La protection des peuplements sensibles
Dans certaines situations, le recours aux protections contre les dégâts de gibier est la seule solution pour permettre le renouvellement des peuplements. Il existe différents types de protection :
- protection globale (clôture/engrillagement),
- protection individuelle (gaine, tube, arbre de fer, pincette protège- bourgeon, filet ou bande plastique spiralée contre les écorçages…)
- ou produits répulsifs.
Le choix en faveur de l’un ou l’autre dispositif dépend principalement :
- des essences concernées et des types de dégâts à prévenir,
- de la surface et de la densité des tiges à protéger (variation du coût/ha),
- des espèces de gibier présentes et de l’importance du déséquilibre.

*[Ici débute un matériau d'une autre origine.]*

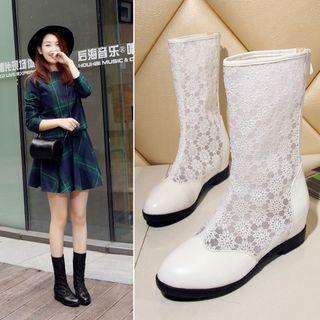 Hidden Wedge Lace Panel Boots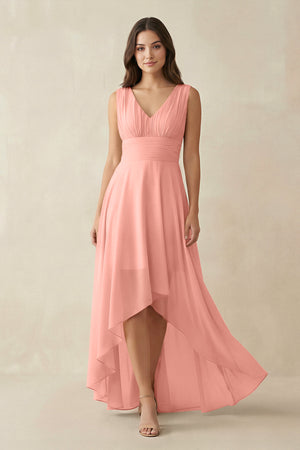 Rosette V-Neck High-Low Chiffon Bridesmaid Dress | KISSBRIDAL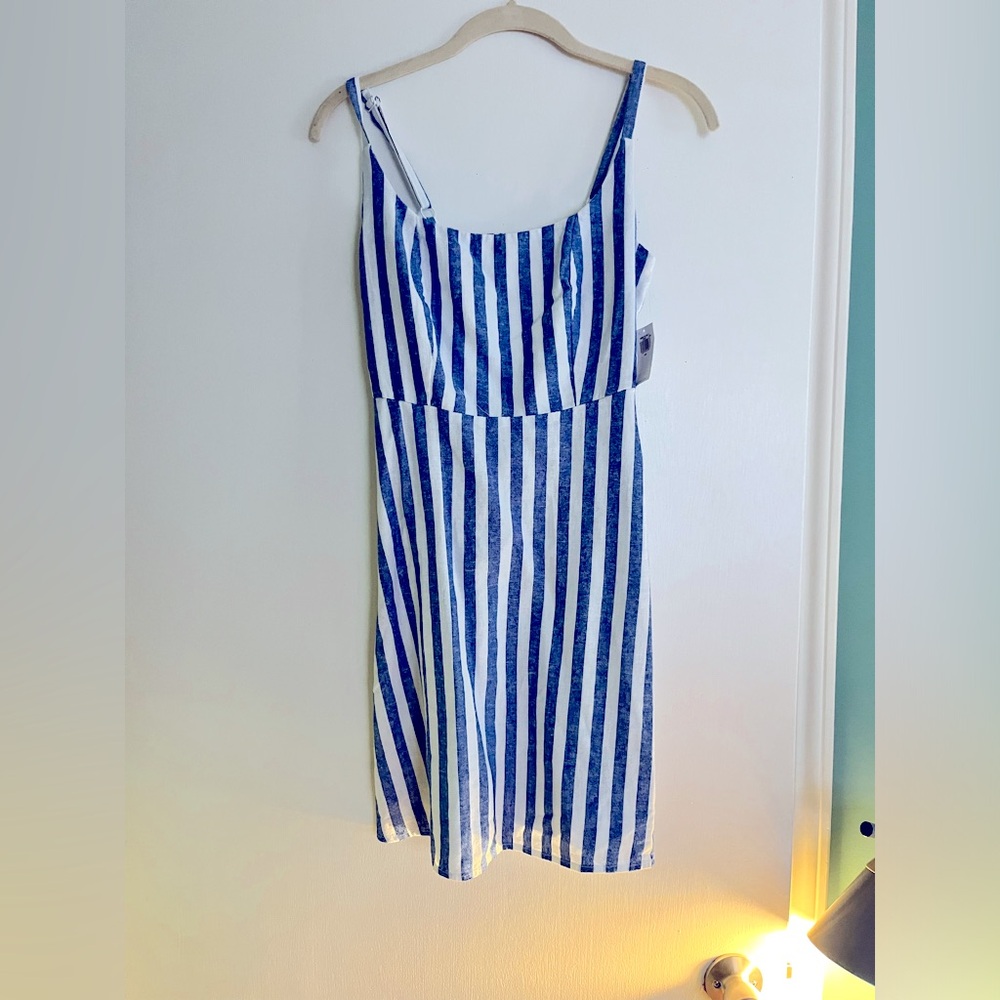Blue and white striped comfy dress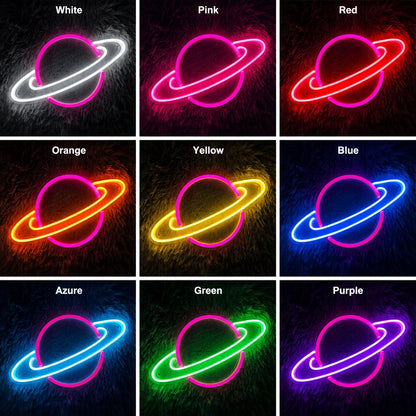 Dual Color Saturn Neon Sign LED Neon Sign color grid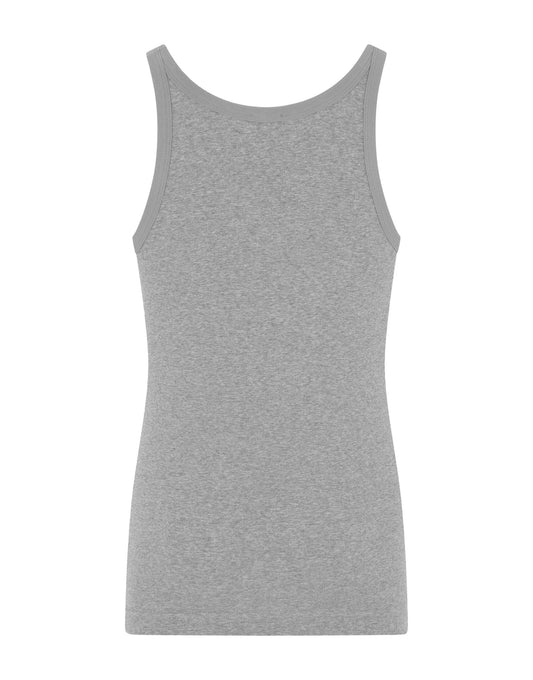 Sleek Grey Ribbed Sleeveless Cotton Tank Top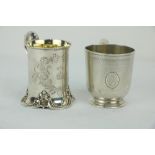 A heavy Victorian English silver Christening Mug, by Gerrards of London, c. 1878, approx. 6 1/2 ozs.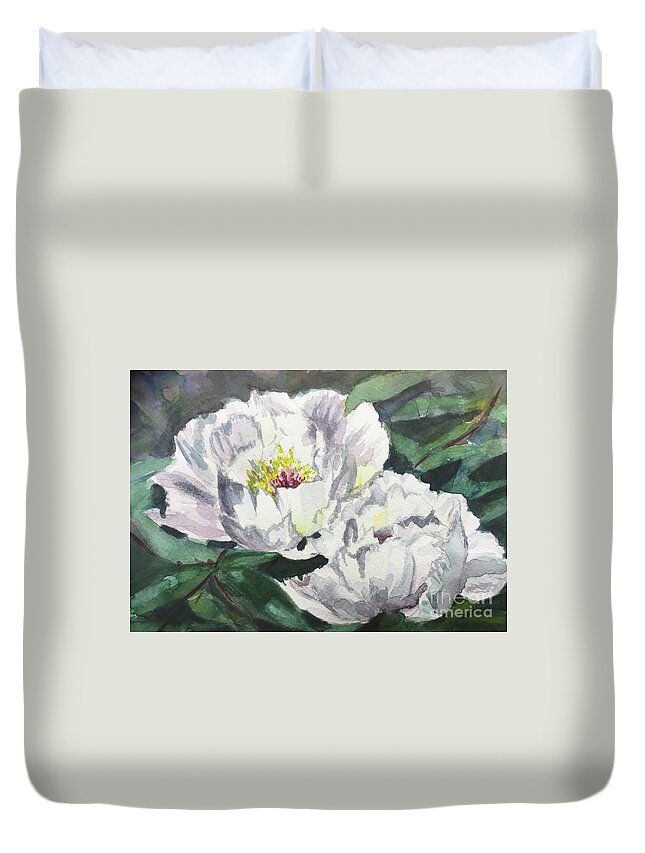 Peony Duvet Cover featuring the painting Jewel of a Peony by Sonia Mocnik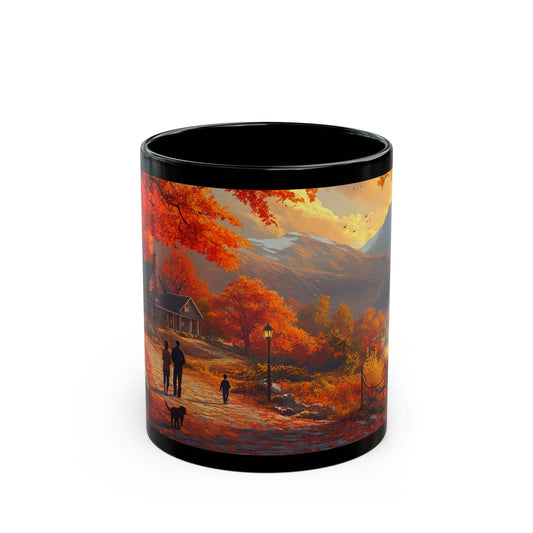 Autumn Family Walk Coffee Mug – A Cozy Journey in Nature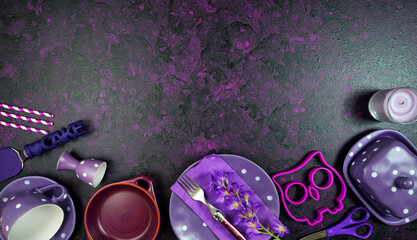Purple aesthetic creative concept flatlay with purple theme kitchen and tableware. Top view overhead with negative copy space.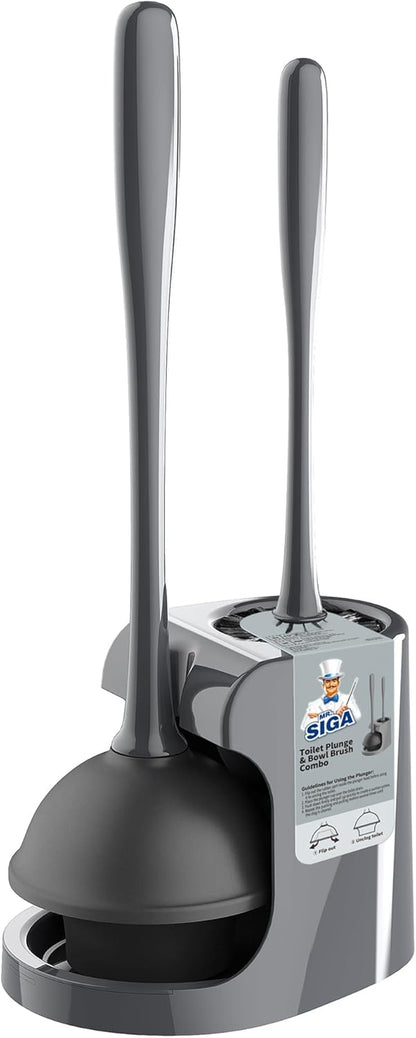 MR.SIGA Toilet Plunger and Bowl Brush Combo for Bathroom Cleaning, Black, 1 Set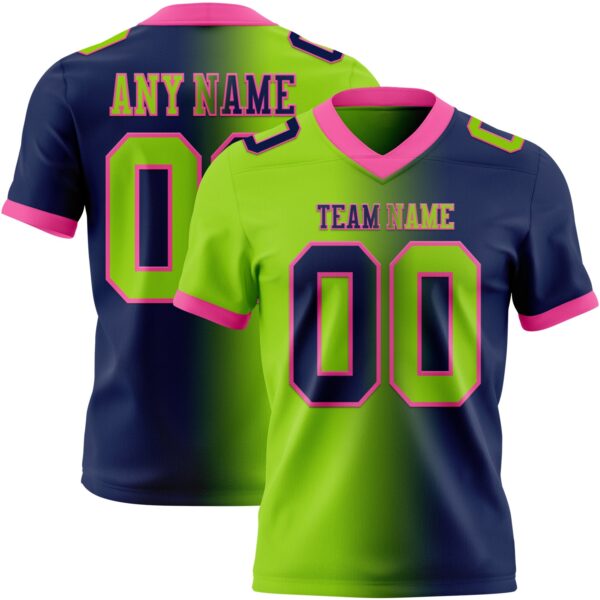 Custom Navy Neon Green-Pink Authentic Gradient Fashion Football Jersey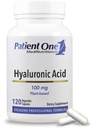 Patient One Hyaluronsäure 100mg | Ergänzung zur Unterstützung von hydrierten, jugendlichen Haut und Gelenkgesundheit* | 120 Kapseln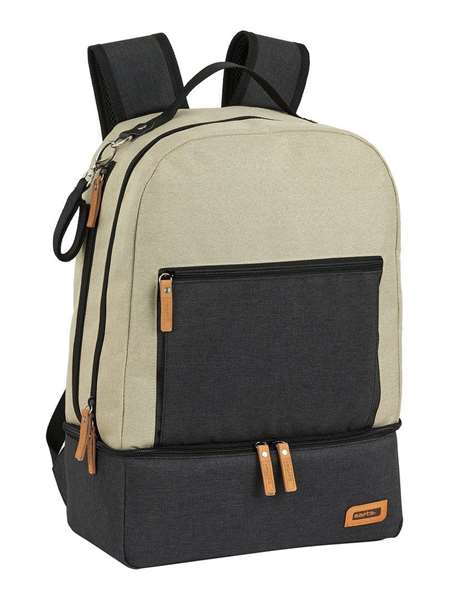 Safta Sac à dos accessoires bébé 30x43x15 cm - Beige et gris foncé - Recommandé 3 ans - Matière Chameleon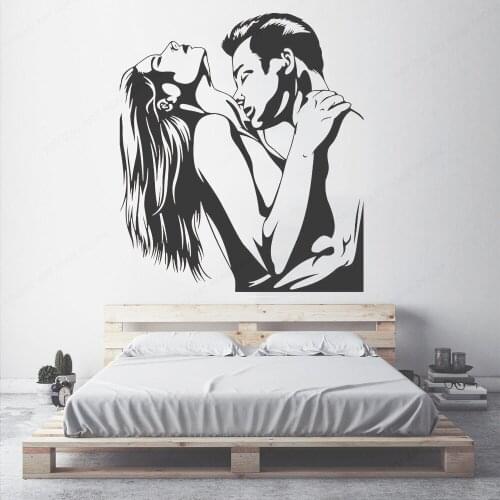Loving Couple Love Romantic Art Wall Stickers Bedroom Home Decoration Man Woman Embrace Silhouette RemovableWallStickerDecalHL44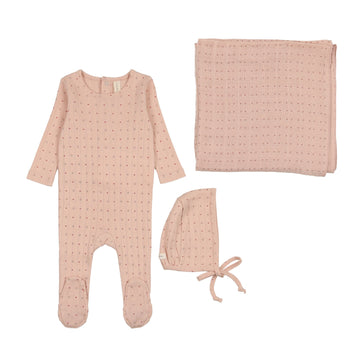 LILETTE  BY LIL LEGS  BY LIL LEGS SHELL PINK LINEAR PRINTED LAYETTE SET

Le recours à ces dispositifs représente un surcoût important, il peut multiplier par 2 à 4 l’investissement pour mener à bien une plantation ou régénération naturelle. Il faut également prévoir la dépose et le ramassage des protections une fois qu’elles ne sont plus utiles.
La mise en place d’engrillagement est une entrave à la circulation des animaux. Il convient d’utiliser des grillages à mailles larges pour permettre le passage de la petite faune. Les clôtures peuvent par ailleurs conduire à reporter ou aggraver les dégâts au niveau de peuplements voisins, non protégés.
Cas particulier de la loi locale
La région Grand Est est, selon le département, régie par les trois régimes de chasse possibles en France : la loi locale, le régime des associations communales de chasse agréées et le droit général.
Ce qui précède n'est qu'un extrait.